→ INPUT FOR THIS TASK:
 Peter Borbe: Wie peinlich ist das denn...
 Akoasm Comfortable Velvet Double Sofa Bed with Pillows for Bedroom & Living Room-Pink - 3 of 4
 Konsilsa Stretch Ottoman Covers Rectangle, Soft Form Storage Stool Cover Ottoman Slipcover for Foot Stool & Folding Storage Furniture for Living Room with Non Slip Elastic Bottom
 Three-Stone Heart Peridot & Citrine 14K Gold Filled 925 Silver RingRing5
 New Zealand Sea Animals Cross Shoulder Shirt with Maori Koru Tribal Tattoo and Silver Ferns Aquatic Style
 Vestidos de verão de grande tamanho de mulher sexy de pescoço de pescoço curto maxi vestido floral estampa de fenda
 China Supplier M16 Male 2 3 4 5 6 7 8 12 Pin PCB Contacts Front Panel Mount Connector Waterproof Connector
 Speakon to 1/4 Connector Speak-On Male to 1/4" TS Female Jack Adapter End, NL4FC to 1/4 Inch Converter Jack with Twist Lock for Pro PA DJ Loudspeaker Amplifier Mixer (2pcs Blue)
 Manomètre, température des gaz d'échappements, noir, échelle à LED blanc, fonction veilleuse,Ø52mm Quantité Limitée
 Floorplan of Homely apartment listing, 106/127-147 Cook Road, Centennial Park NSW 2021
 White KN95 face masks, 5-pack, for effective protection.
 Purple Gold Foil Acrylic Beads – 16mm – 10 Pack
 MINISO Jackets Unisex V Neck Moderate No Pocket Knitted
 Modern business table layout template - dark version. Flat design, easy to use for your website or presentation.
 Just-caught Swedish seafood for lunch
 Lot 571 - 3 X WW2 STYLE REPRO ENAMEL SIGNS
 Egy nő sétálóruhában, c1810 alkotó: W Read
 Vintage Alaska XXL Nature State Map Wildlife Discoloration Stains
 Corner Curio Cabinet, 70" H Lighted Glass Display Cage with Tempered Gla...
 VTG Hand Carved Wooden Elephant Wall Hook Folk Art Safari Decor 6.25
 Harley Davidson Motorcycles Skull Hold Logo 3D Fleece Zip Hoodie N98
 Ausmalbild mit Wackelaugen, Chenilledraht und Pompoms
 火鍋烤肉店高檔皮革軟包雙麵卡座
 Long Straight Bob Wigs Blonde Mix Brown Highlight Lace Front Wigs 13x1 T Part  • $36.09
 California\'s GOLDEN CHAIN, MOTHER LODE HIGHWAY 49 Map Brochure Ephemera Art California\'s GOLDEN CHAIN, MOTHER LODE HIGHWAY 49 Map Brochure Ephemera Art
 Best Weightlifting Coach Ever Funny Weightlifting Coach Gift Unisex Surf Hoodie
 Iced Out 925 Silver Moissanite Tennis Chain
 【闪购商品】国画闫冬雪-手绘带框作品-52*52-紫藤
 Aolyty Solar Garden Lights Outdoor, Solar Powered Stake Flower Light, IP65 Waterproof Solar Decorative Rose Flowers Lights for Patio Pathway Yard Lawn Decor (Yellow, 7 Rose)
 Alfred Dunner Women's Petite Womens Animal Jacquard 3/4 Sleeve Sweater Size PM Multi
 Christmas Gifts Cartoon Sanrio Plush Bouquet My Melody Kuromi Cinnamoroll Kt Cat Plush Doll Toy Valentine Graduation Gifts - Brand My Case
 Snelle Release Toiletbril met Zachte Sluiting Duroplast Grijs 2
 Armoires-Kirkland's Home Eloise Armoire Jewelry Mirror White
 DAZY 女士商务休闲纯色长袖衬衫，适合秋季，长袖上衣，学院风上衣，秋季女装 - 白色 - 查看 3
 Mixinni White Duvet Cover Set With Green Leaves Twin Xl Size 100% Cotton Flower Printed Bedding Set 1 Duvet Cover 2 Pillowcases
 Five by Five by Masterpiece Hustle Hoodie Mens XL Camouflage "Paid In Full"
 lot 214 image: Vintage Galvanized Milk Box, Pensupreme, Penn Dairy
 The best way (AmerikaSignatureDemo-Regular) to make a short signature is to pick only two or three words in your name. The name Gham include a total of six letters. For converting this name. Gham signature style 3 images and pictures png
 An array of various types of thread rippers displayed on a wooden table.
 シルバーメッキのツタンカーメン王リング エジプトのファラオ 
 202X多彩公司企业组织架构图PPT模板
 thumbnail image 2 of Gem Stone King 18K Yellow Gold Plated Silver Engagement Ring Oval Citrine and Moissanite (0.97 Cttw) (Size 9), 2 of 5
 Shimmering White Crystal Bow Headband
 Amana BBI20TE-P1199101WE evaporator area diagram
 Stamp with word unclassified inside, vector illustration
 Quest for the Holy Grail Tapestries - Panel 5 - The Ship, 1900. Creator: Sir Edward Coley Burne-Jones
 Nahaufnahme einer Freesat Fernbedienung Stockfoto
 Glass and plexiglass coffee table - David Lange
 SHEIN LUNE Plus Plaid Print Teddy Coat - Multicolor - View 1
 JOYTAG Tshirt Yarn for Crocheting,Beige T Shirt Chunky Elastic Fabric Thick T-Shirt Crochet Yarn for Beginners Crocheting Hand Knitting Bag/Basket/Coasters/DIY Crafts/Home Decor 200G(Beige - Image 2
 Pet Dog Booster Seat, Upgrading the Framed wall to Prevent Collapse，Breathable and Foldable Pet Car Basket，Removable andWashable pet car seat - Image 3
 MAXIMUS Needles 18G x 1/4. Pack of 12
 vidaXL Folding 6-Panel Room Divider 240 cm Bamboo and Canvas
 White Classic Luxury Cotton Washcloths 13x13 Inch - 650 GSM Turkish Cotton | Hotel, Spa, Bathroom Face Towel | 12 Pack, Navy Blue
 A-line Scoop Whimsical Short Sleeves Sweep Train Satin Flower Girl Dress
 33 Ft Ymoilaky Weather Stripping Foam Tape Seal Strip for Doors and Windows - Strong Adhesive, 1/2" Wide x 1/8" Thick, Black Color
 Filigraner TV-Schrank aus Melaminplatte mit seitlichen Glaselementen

→ EXERCISE DIRECTIONS:
Quote the listing in full, please, keeping every line exact.

→ REPLY:
 Peter Borbe: Wie peinlich ist das denn...
 Akoasm Comfortable Velvet Double Sofa Bed with Pillows for Bedroom & Living Room-Pink - 3 of 4
 Konsilsa Stretch Ottoman Covers Rectangle, Soft Form Storage Stool Cover Ottoman Slipcover for Foot Stool & Folding Storage Furniture for Living Room with Non Slip Elastic Bottom
 Three-Stone Heart Peridot & Citrine 14K Gold Filled 925 Silver RingRing5
 New Zealand Sea Animals Cross Shoulder Shirt with Maori Koru Tribal Tattoo and Silver Ferns Aquatic Style
 Vestidos de verão de grande tamanho de mulher sexy de pescoço de pescoço curto maxi vestido floral estampa de fenda
 China Supplier M16 Male 2 3 4 5 6 7 8 12 Pin PCB Contacts Front Panel Mount Connector Waterproof Connector
 Speakon to 1/4 Connector Speak-On Male to 1/4" TS Female Jack Adapter End, NL4FC to 1/4 Inch Converter Jack with Twist Lock for Pro PA DJ Loudspeaker Amplifier Mixer (2pcs Blue)
 Manomètre, température des gaz d'échappements, noir, échelle à LED blanc, fonction veilleuse,Ø52mm Quantité Limitée
 Floorplan of Homely apartment listing, 106/127-147 Cook Road, Centennial Park NSW 2021
 White KN95 face masks, 5-pack, for effective protection.
 Purple Gold Foil Acrylic Beads – 16mm – 10 Pack
 MINISO Jackets Unisex V Neck Moderate No Pocket Knitted
 Modern business table layout template - dark version. Flat design, easy to use for your website or presentation.
 Just-caught Swedish seafood for lunch
 Lot 571 - 3 X WW2 STYLE REPRO ENAMEL SIGNS
 Egy nő sétálóruhában, c1810 alkotó: W Read
 Vintage Alaska XXL Nature State Map Wildlife Discoloration Stains
 Corner Curio Cabinet, 70" H Lighted Glass Display Cage with Tempered Gla...
 VTG Hand Carved Wooden Elephant Wall Hook Folk Art Safari Decor 6.25
 Harley Davidson Motorcycles Skull Hold Logo 3D Fleece Zip Hoodie N98
 Ausmalbild mit Wackelaugen, Chenilledraht und Pompoms
 火鍋烤肉店高檔皮革軟包雙麵卡座
 Long Straight Bob Wigs Blonde Mix Brown Highlight Lace Front Wigs 13x1 T Part  • $36.09
 California\'s GOLDEN CHAIN, MOTHER LODE HIGHWAY 49 Map Brochure Ephemera Art California\'s GOLDEN CHAIN, MOTHER LODE HIGHWAY 49 Map Brochure Ephemera Art
 Best Weightlifting Coach Ever Funny Weightlifting Coach Gift Unisex Surf Hoodie
 Iced Out 925 Silver Moissanite Tennis Chain
 【闪购商品】国画闫冬雪-手绘带框作品-52*52-紫藤
 Aolyty Solar Garden Lights Outdoor, Solar Powered Stake Flower Light, IP65 Waterproof Solar Decorative Rose Flowers Lights for Patio Pathway Yard Lawn Decor (Yellow, 7 Rose)
 Alfred Dunner Women's Petite Womens Animal Jacquard 3/4 Sleeve Sweater Size PM Multi
 Christmas Gifts Cartoon Sanrio Plush Bouquet My Melody Kuromi Cinnamoroll Kt Cat Plush Doll Toy Valentine Graduation Gifts - Brand My Case
 Snelle Release Toiletbril met Zachte Sluiting Duroplast Grijs 2
 Armoires-Kirkland's Home Eloise Armoire Jewelry Mirror White
 DAZY 女士商务休闲纯色长袖衬衫，适合秋季，长袖上衣，学院风上衣，秋季女装 - 白色 - 查看 3
 Mixinni White Duvet Cover Set With Green Leaves Twin Xl Size 100% Cotton Flower Printed Bedding Set 1 Duvet Cover 2 Pillowcases
 Five by Five by Masterpiece Hustle Hoodie Mens XL Camouflage "Paid In Full"
 lot 214 image: Vintage Galvanized Milk Box, Pensupreme, Penn Dairy
 The best way (AmerikaSignatureDemo-Regular) to make a short signature is to pick only two or three words in your name. The name Gham include a total of six letters. For converting this name. Gham signature style 3 images and pictures png
 An array of various types of thread rippers displayed on a wooden table.
 シルバーメッキのツタンカーメン王リング エジプトのファラオ 
 202X多彩公司企业组织架构图PPT模板
 thumbnail image 2 of Gem Stone King 18K Yellow Gold Plated Silver Engagement Ring Oval Citrine and Moissanite (0.97 Cttw) (Size 9), 2 of 5
 Shimmering White Crystal Bow Headband
 Amana BBI20TE-P1199101WE evaporator area diagram
 Stamp with word unclassified inside, vector illustration
 Quest for the Holy Grail Tapestries - Panel 5 - The Ship, 1900. Creator: Sir Edward Coley Burne-Jones
 Nahaufnahme einer Freesat Fernbedienung Stockfoto
 Glass and plexiglass coffee table - David Lange
 SHEIN LUNE Plus Plaid Print Teddy Coat - Multicolor - View 1
 JOYTAG Tshirt Yarn for Crocheting,Beige T Shirt Chunky Elastic Fabric Thick T-Shirt Crochet Yarn for Beginners Crocheting Hand Knitting Bag/Basket/Coasters/DIY Crafts/Home Decor 200G(Beige - Image 2
 Pet Dog Booster Seat, Upgrading the Framed wall to Prevent Collapse，Breathable and Foldable Pet Car Basket，Removable andWashable pet car seat - Image 3
 MAXIMUS Needles 18G x 1/4. Pack of 12
 vidaXL Folding 6-Panel Room Divider 240 cm Bamboo and Canvas
 White Classic Luxury Cotton Washcloths 13x13 Inch - 650 GSM Turkish Cotton | Hotel, Spa, Bathroom Face Towel | 12 Pack, Navy Blue
 A-line Scoop Whimsical Short Sleeves Sweep Train Satin Flower Girl Dress
 33 Ft Ymoilaky Weather Stripping Foam Tape Seal Strip for Doors and Windows - Strong Adhesive, 1/2" Wide x 1/8" Thick, Black Color
 Filigraner TV-Schrank aus Melaminplatte mit seitlichen Glaselementen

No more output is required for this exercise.